Let $$S(\alpha) = \{(x, y): y^{2} \le x, 0 \le x \le \alpha\}$$ and $$A(\alpha)$$ is area of the region $$S(\alpha)$$. If for a $$\lambda$$, $$0 < \lambda < 4$$, $$A(\lambda):A(4) = 2:5$$, then $$\lambda$$ equals:

We have the set $$S(\alpha)=\{(x,y):y^{2}\le x,\;0\le x\le\alpha\}.$$

Geometrically, the inequality $$y^{2}\le x$$ represents the region to the right of the parabola $$x=y^{2}$$, while $$0\le x\le\alpha$$ restricts us to the vertical strip beginning at the y-axis and ending at the line $$x=\alpha$$. Hence, for every admissible value of $$y$$, the variable $$x$$ starts from the parabola $$x=y^{2}$$ and goes up to $$x=\alpha$$.
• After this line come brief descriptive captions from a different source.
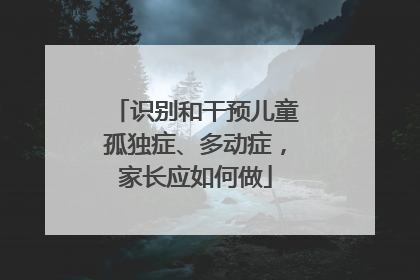 识别和干预儿童孤独症、多动症，家长应如何做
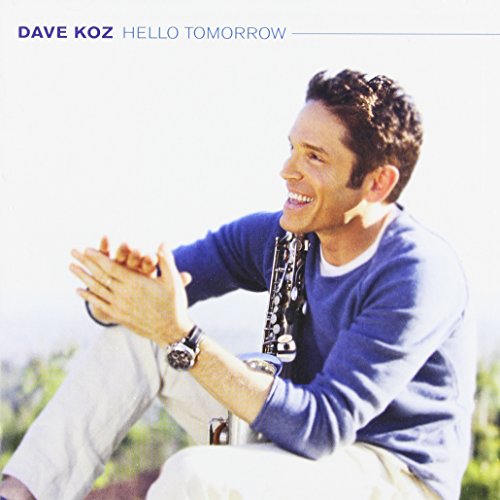 KOZ, DAVE  - HELLO TOMORROW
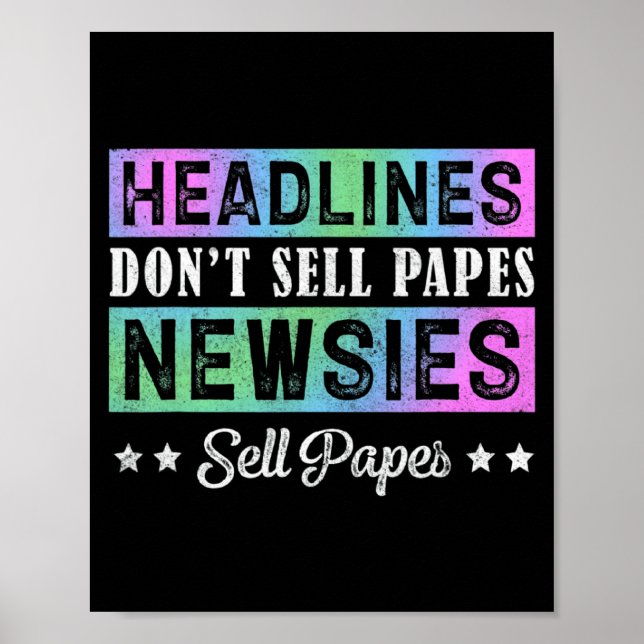 Headline Dont Sell Papes Newsies Sell Papes  Poster (Vorne)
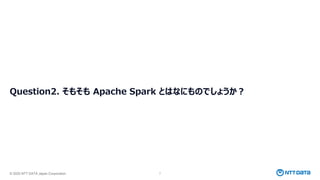 © 2025 NTT DATA Japan Corporation 7
Question2. そもそも Apache Spark とはなにものでしょうか？
 
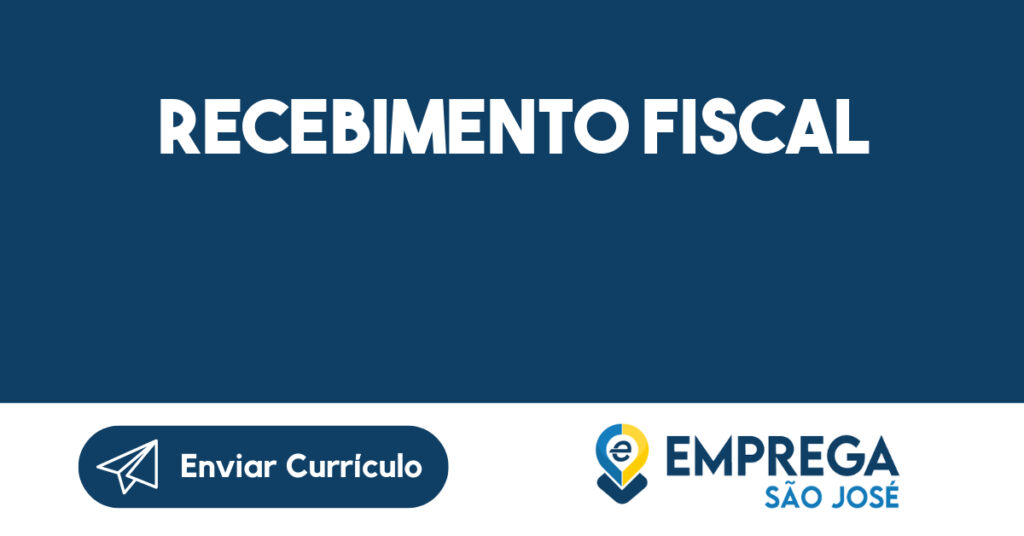 Recebimento Fiscal-São José Dos Campos - Sp 1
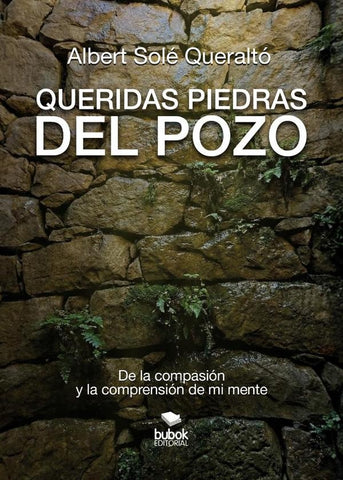 Queridas piedras del pozo | Albert Solé Queralto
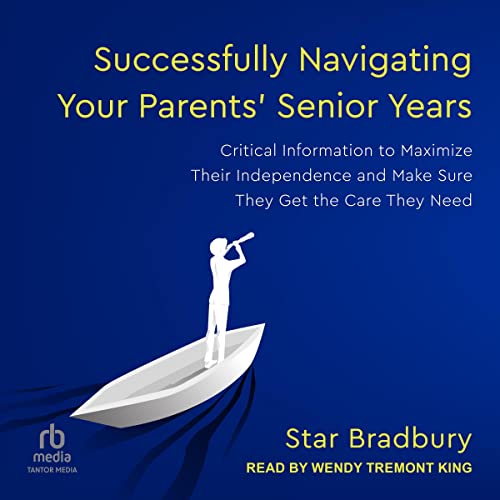 Critical Information to Maximize Their Independence and Make Sure They Get the Care They Need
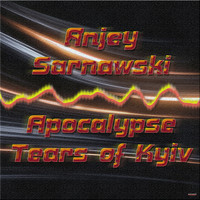 Anjey Sarnawski - Apocalypse, Tears of Kyiv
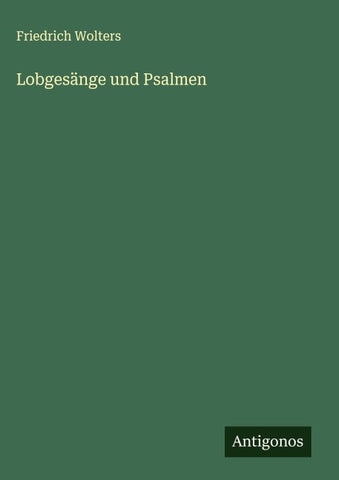 Lobgesänge und Psalmen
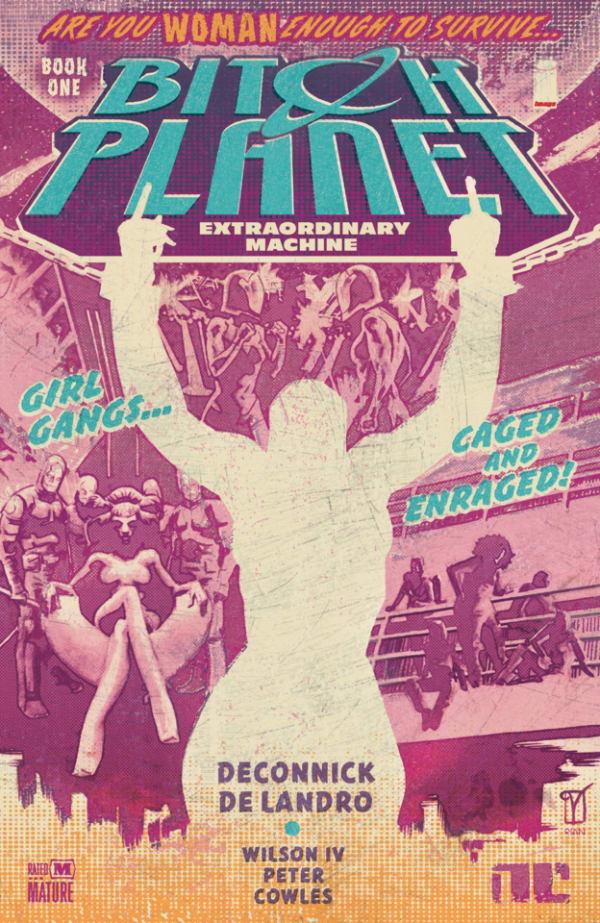 Bitch Planet: Extraordinary Machine cover — © Image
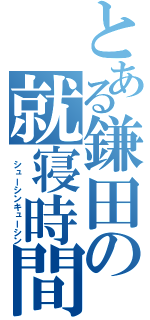 とある鎌田の就寝時間（ シューシンキューシン）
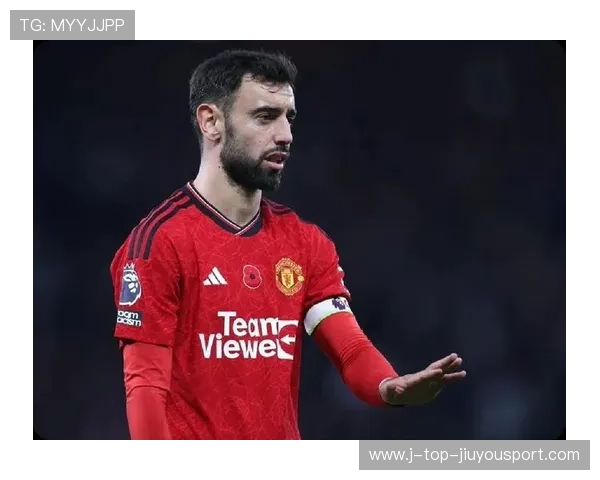 布鲁诺·费尔南德斯掌控比赛走向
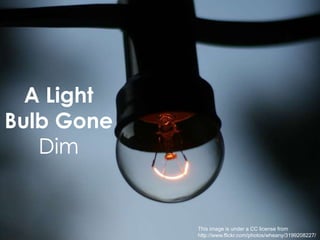 A Light Bulb Gone DimThis image is under a CC license from http://www.flickr.com/photos/wheany/3199208227/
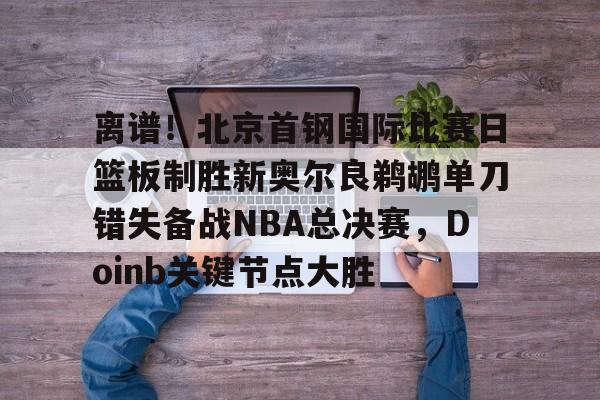 万博体育-离谱！北京首钢国际比赛日篮板制胜新奥尔良鹈鹕单刀错失备战NBA总决赛，Doinb关键节点大胜(2024年nba东决mvp得主)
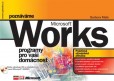 Poznáváme Microsoft Works Poznáváme Microsoft Works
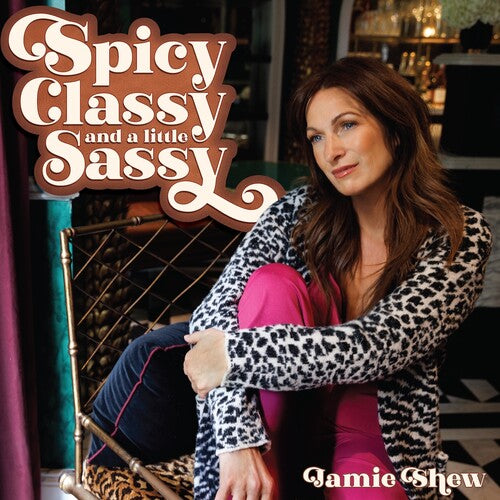 Jamie Shew: Spicy, Classy, and a Little Sassy - VINYL LP
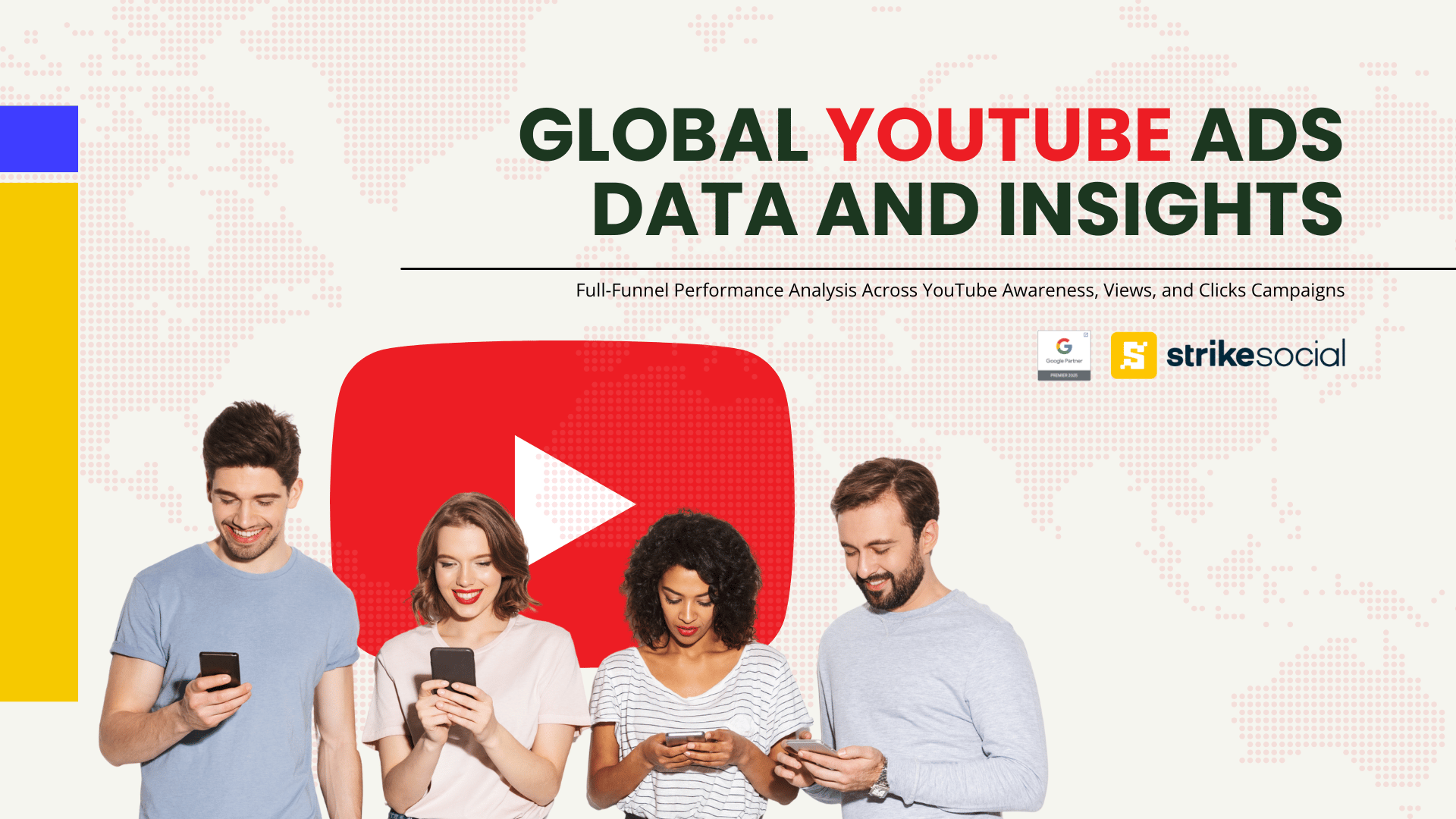 Strike Social - 2024 Global YouTube Ads Data and Insights - Report Cover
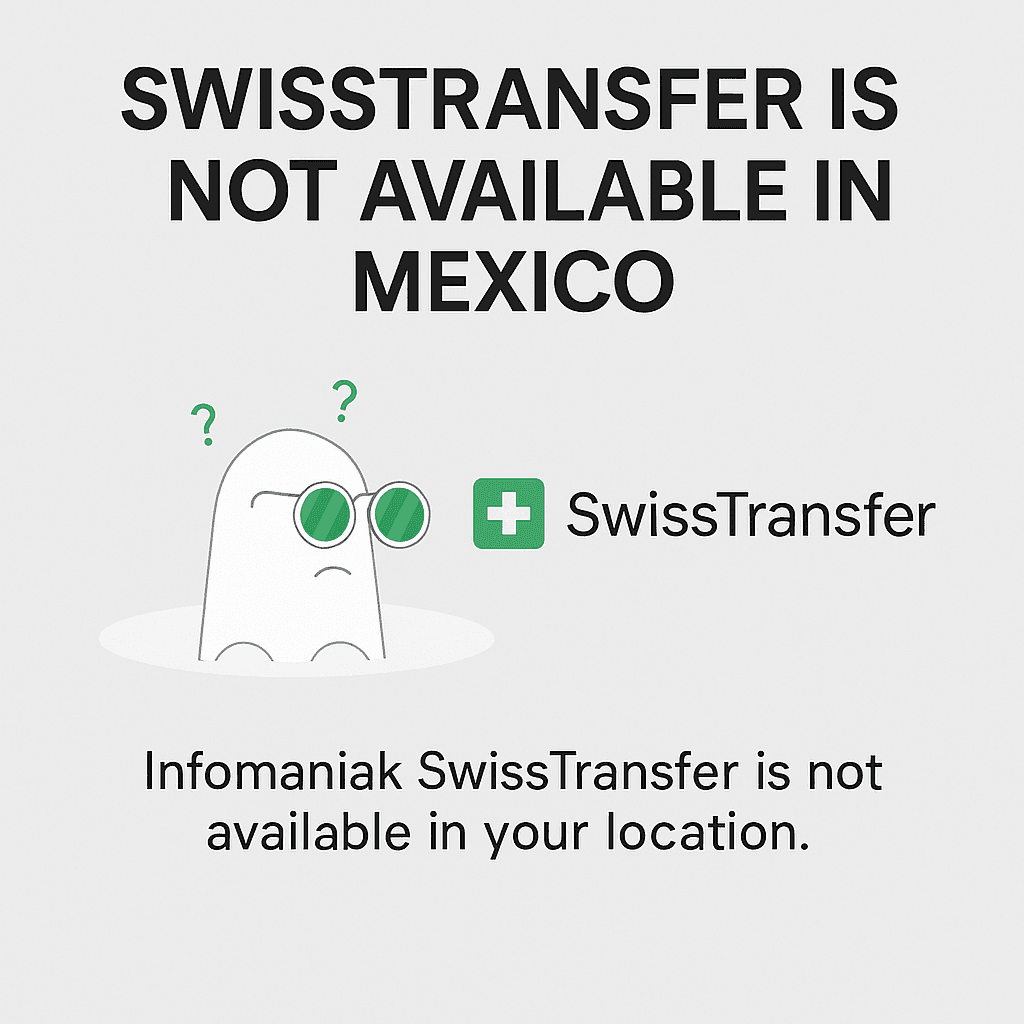 SwissTransfer bloquea acceso a usuarios en México: una medida que sorprende a miles de profesionales digitales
To find the area $$A(\alpha)$$ of this region, we use the definition of area in terms of a double integral:

$$ A(\alpha)=\iint_{S(\alpha)}\!dx\,dy. $$

For a fixed $$y$$, $$x$$ varies from $$y^{2}$$ to $$\alpha$$, and $$y$$ itself can vary as long as $$y^{2}\le\alpha$$, i.e. $$-\sqrt{\alpha}\le y\le\sqrt{\alpha}$$. Therefore, we may write

$$ A(\alpha)=\int_{y=-\sqrt{\alpha}}^{\sqrt{\alpha}} \!\left(\int_{x=y^{2}}^{\alpha}dx\right)dy. $$

Evaluating the inner integral first, we obtain

$$ \int_{x=y^{2}}^{\alpha}dx=\alpha-y^{2}. $$

This gives

$$ A(\alpha)=\int_{y=-\sqrt{\alpha}}^{\sqrt{\alpha}}\!(\alpha-y^{2})\,dy. $$

The integrand $$\alpha-y^{2}$$ is an even function of $$y$$, so we use symmetry about the x-axis:

$$ A(\alpha)=2\int_{0}^{\sqrt{\alpha}}(\alpha-y^{2})\,dy. $$

Now we integrate term by term:

$$ \int_{0}^{\sqrt{\alpha}}\alpha\,dy=\alpha\,y\Big|_{0}^{\sqrt{\alpha}} =\alpha\sqrt{\alpha}, $$

and

$$ \int_{0}^{\sqrt{\alpha}}y^{2}\,dy=\frac{y^{3}}{3}\Big|_{0}^{\sqrt{\alpha}} =\frac{(\sqrt{\alpha})^{3}}{3} =\frac{\alpha^{3/2}}{3}. $$

Substituting these results,

$$ A(\alpha)=2\left(\alpha\sqrt{\alpha}-\frac{\alpha^{3/2}}{3}\right) =2\alpha^{3/2}\left(1-\frac{1}{3}\right) =2\alpha^{3/2}\left(\frac{2}{3}\right) =\frac{4}{3}\,\alpha^{3/2}. $$

Thus

$$ A(\alpha)=\frac{4}{3}\,\alpha^{3/2}. $$

We are told that for some $$\lambda$$ with $$0<\lambda<4$$,

$$ \frac{A(\lambda)}{A(4)}=\frac{2}{5}. $$

Using the general formula, we find

$$ A(4)=\frac{4}{3}\,4^{3/2}. $$

Because $$4^{3/2}=(\sqrt{4})^{3}=2^{3}=8$$, this simplifies to

$$ A(4)=\frac{4}{3}\times8=\frac{32}{3}. $$

Now we express $$A(\lambda)$$ in terms of $$\lambda$$:

$$ A(\lambda)=\frac{4}{3}\,\lambda^{3/2}. $$

The given ratio becomes

$$ \frac{\dfrac{4}{3}\lambda^{3/2}}{\dfrac{32}{3}}=\frac{2}{5}. $$

Multiplying numerator and denominator by $$3$$ to clear the fractions, we get

$$ \frac{4\lambda^{3/2}}{32}=\frac{2}{5}. $$

Simplifying the left side by dividing numerator and denominator by $$4$$,

$$ \frac{\lambda^{3/2}}{8}=\frac{2}{5}. $$

Now we solve for $$\lambda^{3/2}$$:

$$ \lambda^{3/2}=8\left(\frac{2}{5}\right)=\frac{16}{5}. $$

To obtain $$\lambda$$ itself, we raise both sides to the power $$\tfrac{2}{3}$$ (the inverse of $$\tfrac{3}{2}$$):

$$ \lambda=\left(\frac{16}{5}\right)^{2/3}. $$

Because $$16=4^{2}$$, we can rewrite the numerator inside the radical to match the options more clearly:

$$ \left(\frac{16}{5}\right)^{2/3} =\left(\frac{4^{2}}{5}\right)^{2/3} =\left(\frac{4^{2}}{5^{2}}\right)^{1/3} =\left(\frac{4}{25}\right)^{1/3}\!\!\cdot4. $$

Thus

$$ \lambda=4\left(\frac{4}{25}\right)^{1/3}. $$

This expression coincides exactly with Option C.

Hence, the correct answer is Option C.